Ambos están entre los padres
indiscutidos del “cine moderno”. Ambos fueron rotulados con la etiqueta de
“cineastas católicos”, bastante más merecida en el caso del italiano que en el
del francés, durante aquellos años en que la Iglesia parecía preocuparse en
pensar al cinematógrafo entendido como un arte y no en contribuir enérgicamente
al merchandising de una película de Mel Gibson sobre la agonía de
Cristo. Salvo la última película de Robert Bresson (L’argent, 1983),
tanto él como Roberto Rossellini, desarrollaron su obra en el mismo tiempo: de
la década del ’40 hasta la del ’70, esta última incluida.
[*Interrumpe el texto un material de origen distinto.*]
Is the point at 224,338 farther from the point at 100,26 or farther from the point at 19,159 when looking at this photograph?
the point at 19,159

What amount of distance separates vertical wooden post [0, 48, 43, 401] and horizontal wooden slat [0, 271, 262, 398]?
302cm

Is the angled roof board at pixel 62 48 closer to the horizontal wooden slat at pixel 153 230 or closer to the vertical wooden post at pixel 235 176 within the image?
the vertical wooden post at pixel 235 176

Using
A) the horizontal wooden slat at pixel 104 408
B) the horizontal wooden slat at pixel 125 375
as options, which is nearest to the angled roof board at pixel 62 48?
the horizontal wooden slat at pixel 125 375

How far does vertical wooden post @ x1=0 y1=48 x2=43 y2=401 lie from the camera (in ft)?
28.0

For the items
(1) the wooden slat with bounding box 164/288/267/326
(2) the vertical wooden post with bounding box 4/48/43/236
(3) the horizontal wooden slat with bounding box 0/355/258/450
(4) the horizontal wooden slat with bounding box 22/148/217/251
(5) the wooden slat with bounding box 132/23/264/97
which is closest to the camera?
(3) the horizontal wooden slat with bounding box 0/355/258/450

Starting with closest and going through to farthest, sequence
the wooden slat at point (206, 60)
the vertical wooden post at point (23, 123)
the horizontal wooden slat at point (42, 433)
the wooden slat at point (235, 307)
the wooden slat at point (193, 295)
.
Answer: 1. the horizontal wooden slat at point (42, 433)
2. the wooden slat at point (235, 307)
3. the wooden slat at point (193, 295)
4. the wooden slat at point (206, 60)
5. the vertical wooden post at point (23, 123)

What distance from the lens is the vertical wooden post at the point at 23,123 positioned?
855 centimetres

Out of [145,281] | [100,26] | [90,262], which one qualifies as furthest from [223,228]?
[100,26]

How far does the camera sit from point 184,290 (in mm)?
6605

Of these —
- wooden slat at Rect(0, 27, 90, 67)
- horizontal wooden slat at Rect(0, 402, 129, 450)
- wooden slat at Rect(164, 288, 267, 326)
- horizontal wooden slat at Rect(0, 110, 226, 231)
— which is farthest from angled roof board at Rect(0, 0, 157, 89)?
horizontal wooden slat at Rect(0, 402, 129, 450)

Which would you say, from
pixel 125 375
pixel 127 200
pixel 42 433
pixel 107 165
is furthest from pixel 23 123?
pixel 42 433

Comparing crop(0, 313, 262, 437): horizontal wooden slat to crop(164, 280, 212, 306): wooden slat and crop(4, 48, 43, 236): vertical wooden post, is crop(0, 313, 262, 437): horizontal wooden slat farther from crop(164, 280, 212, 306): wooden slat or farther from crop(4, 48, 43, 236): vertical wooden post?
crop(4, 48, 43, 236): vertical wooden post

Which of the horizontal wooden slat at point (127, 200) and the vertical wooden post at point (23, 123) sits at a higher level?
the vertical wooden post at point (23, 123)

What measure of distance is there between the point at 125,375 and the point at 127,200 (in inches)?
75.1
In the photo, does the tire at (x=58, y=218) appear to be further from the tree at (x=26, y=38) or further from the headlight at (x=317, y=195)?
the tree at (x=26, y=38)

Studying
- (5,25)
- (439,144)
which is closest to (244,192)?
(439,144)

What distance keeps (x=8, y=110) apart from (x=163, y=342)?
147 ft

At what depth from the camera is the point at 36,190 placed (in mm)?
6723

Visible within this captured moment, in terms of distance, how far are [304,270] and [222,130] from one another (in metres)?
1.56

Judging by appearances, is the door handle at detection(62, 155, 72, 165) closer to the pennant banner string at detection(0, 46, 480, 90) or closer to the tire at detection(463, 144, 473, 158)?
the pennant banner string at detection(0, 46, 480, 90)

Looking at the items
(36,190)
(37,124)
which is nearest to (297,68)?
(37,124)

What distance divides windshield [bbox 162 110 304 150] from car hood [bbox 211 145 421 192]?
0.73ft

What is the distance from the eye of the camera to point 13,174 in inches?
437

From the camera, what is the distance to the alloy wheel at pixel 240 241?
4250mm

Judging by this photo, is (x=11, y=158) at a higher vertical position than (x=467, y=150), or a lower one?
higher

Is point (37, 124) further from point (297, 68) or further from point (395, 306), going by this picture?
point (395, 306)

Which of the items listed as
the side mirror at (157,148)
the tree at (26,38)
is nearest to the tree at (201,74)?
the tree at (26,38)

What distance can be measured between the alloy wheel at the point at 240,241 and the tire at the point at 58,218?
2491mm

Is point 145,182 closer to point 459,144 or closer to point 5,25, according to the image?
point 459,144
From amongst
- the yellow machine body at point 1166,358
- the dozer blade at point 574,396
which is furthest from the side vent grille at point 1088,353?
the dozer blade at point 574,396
Estos lazos ajenos a
sus respectivas poéticas, tan disímiles entre sí, parecen los únicos que pueden
tenderse entre ellos, ahora que sus vidas y sus filmografías ya están cerradas.
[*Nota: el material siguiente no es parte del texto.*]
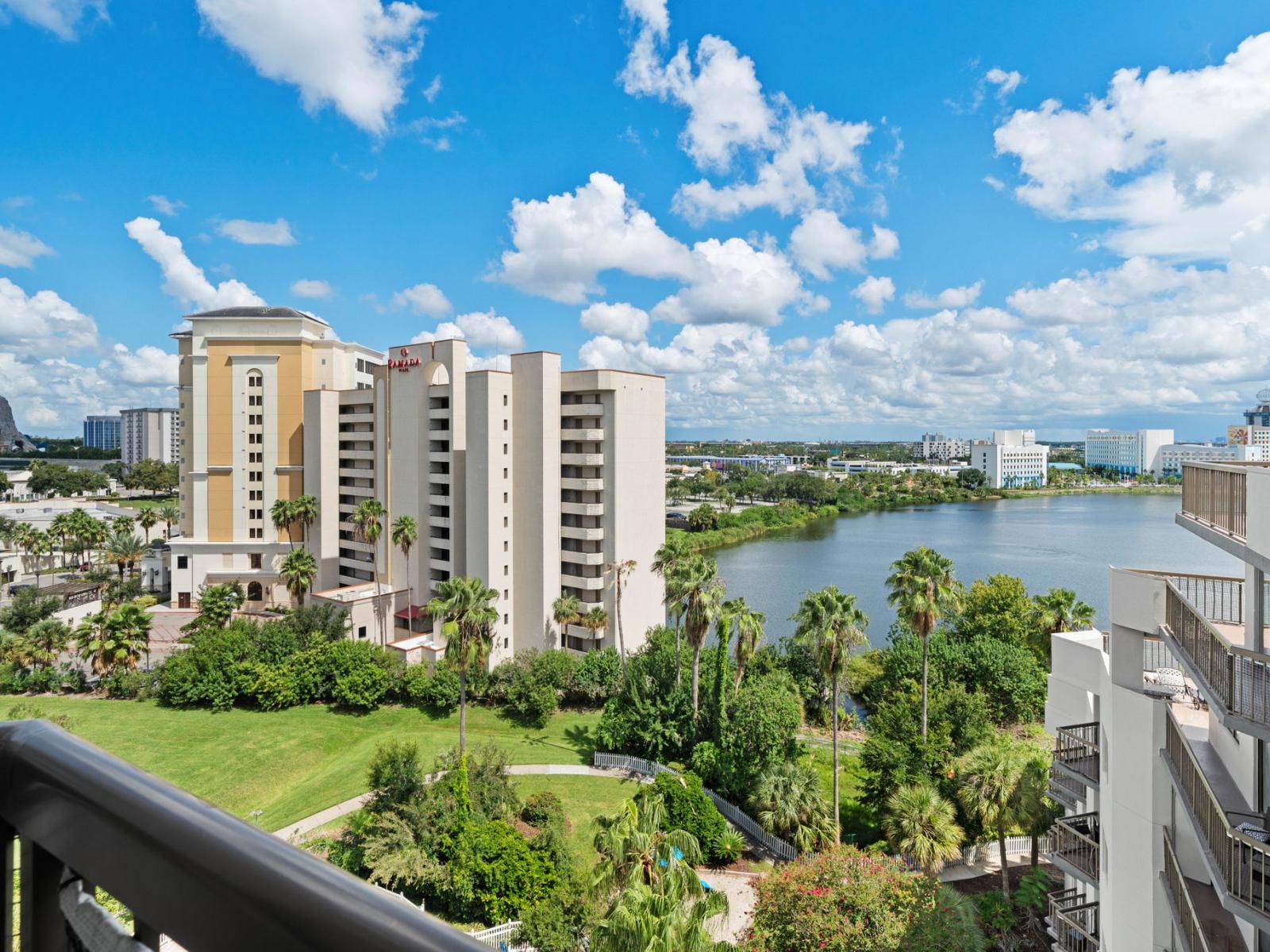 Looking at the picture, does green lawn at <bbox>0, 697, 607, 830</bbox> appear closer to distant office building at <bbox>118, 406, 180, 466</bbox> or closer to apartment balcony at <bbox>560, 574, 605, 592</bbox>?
apartment balcony at <bbox>560, 574, 605, 592</bbox>

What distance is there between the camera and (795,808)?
19141mm

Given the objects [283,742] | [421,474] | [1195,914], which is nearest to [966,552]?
[421,474]

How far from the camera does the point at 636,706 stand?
24234 millimetres

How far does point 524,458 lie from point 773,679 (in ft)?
48.1

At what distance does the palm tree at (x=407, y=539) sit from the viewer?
34.8 m

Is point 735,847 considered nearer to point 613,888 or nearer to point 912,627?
point 613,888

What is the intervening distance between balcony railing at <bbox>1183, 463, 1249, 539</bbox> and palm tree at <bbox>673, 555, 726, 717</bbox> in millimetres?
Result: 15426

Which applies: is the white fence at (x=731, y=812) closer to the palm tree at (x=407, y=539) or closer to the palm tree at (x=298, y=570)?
the palm tree at (x=407, y=539)

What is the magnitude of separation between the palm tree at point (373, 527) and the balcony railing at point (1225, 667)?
1339 inches

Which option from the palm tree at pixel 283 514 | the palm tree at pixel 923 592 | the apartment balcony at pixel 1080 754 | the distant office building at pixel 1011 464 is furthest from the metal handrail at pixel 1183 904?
the distant office building at pixel 1011 464

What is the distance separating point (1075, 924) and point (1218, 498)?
8528mm

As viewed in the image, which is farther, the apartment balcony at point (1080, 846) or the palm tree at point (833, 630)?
the palm tree at point (833, 630)

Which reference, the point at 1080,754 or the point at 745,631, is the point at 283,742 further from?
the point at 1080,754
Sin embargo, intentaremos construir otro, una enigmática correspondencia, más
cercano a sus películas, o, mejor escrito, a una de cada uno separadas por
treinta años: Germania, anno zero (1947) y Le diable probablement
(1977).
***
Germania..., sexto largometraje realizado, y concluido, por Roberto Rossellini y tercero concretado por él después de la caída del fascismo en Italia, es un filme fuera de época. De haber sido comenzado a rodar el 17 de enero de 1945, como Roma, citta aperta, y no en septiembre de 1947, como efectivamente lo fue, otro hubiera sido su destino. (Claro está que no ignoramos que esta afirmación, útil para lo que queremos decir, adolece de una falla axial: Germania... nunca hubiera podido ser lo que es, si antes Rossellini no hubiera enfrentado la filmación de Roma... y, sobre todo, de Paisa.) Pero tuvo la desdicha de estrenarse, en Italia en 1948, cuando la guerra era ya un tema del pasado, inmediato pero pasado, y otras preocupaciones, políticas, agitaban la vida pública. Había demasiadas expectativas, sobre todo en la izquierda, depositadas en un futuro que se soñaba venturoso, para aceptar una película que sostiene que las heridas provocadas por los regímenes totalitarios y la guerra, no se cauterizan fácilmente, si es que esto es posible. La falta de “personajes positivos” –como los reclamaba la crítica cinematográfica marxista de hondas raíces luckasianas-, el grito desesperanzado que implica su terrible final –uno de los más duros que se hayan filmado en el cinematógrafo-, más el hecho de no levantar un dedo acusador contra el pueblo alemán, sino de observarlo sin intentar un juicio, determinaron su inmediata incomprensión. Y, en algunos casos de célebre miopía crítica: a ambos lados del océano bien conviene aclarar, iniciaron la continua negación de todo lo que hiciera Rossellini desde allí hasta Il generale della Rovere. (Es decir, algunas de las películas más bellas que jamás se hayan hecho, me refiero a Stromboli, terra di Dio; Francesco, giullare di Dio; Europa’51; Ingrid Bergman; Viaggio in Italia; Angst e India, Matri Bhumi.)
***
Duodécimo largometraje de Robert
Bresson, y penúltimo de los tan sólo trece que le permitieron realizar a lo
largo de cuarenta laboriosos años (1943
– 1983), Le diable probablement conoció problemas de financiación – no
le fue concedida la ayuda oficial por la comisión encargada de otorgar un
adelanto sobre taquilla y tuvo que intervenir personalmente el Ministro de
Cultura, Michel Guy, para que, finalmente, se la concedieran- y conflictos con
la censura, que quiso prohibir su exhibición a los menores de dieciocho años.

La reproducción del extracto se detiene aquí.